▶ PROBLEM TO WORK ON
Each line below must be reproduced exactly, though the pictures are to be dropped.

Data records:
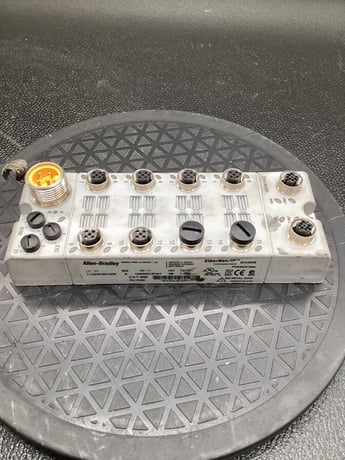 Allen-bradley 1732e-ib16m12dr armorblock 16pt input module 24vdc used - Image 2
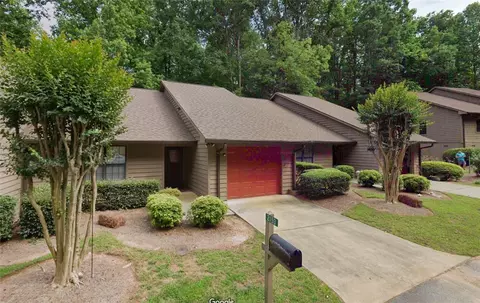 2153 Shea Ln, Seneca, SC 29672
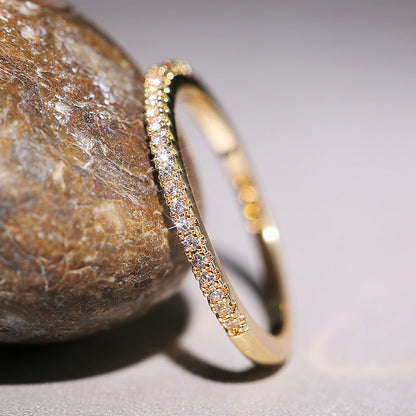 Éblouissante Bague en Or et Argent ornée de Zirconium scintillant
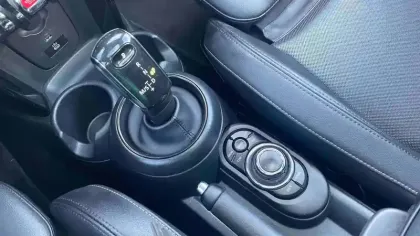 Photo 9 Mini Mini Hatch 3 Portes Cooper 136 ch DKG7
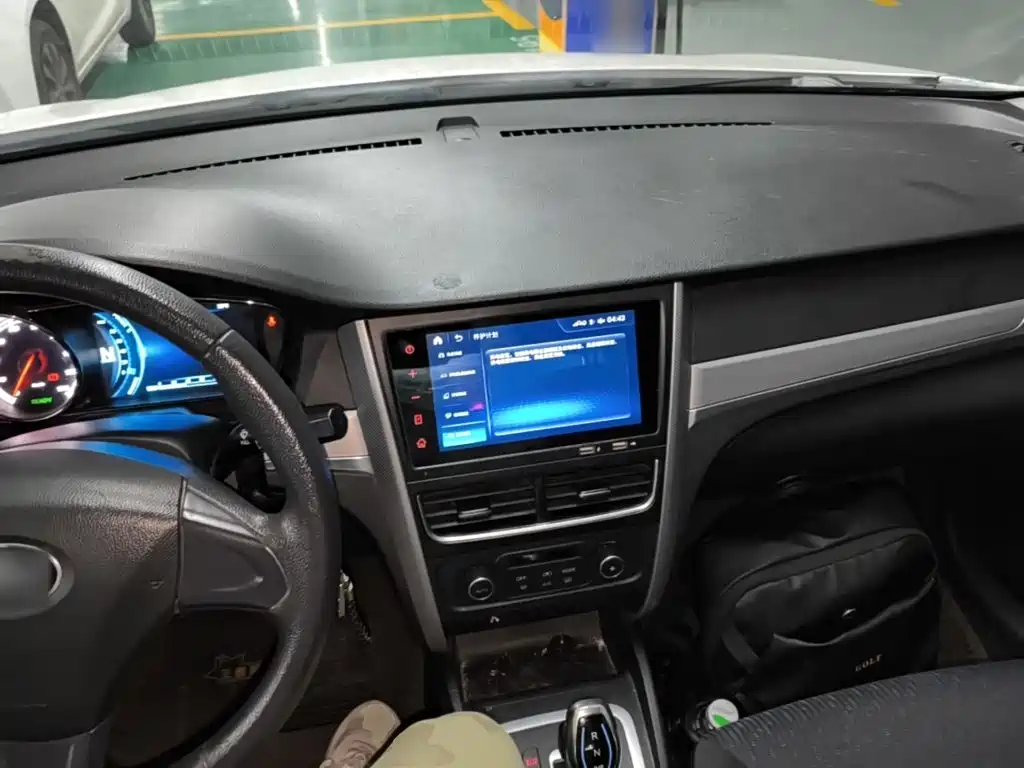 Bestune B30EV — миниатюра 10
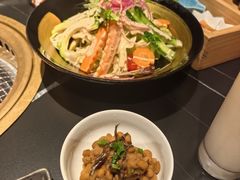 -山川小町·极番烧肉(新地假日广场店)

▶ COMPLETED EXERCISE
 Allen-bradley 1732e-ib16m12dr armorblock 16pt input module 24vdc used - Image 2
 2153 Shea Ln, Seneca, SC 29672
 Éblouissante Bague en Or et Argent ornée de Zirconium scintillant
 Photo 9 Mini Mini Hatch 3 Portes Cooper 136 ch DKG7
 Bestune B30EV — миниатюра 10
 -山川小町·极番烧肉(新地假日广场店)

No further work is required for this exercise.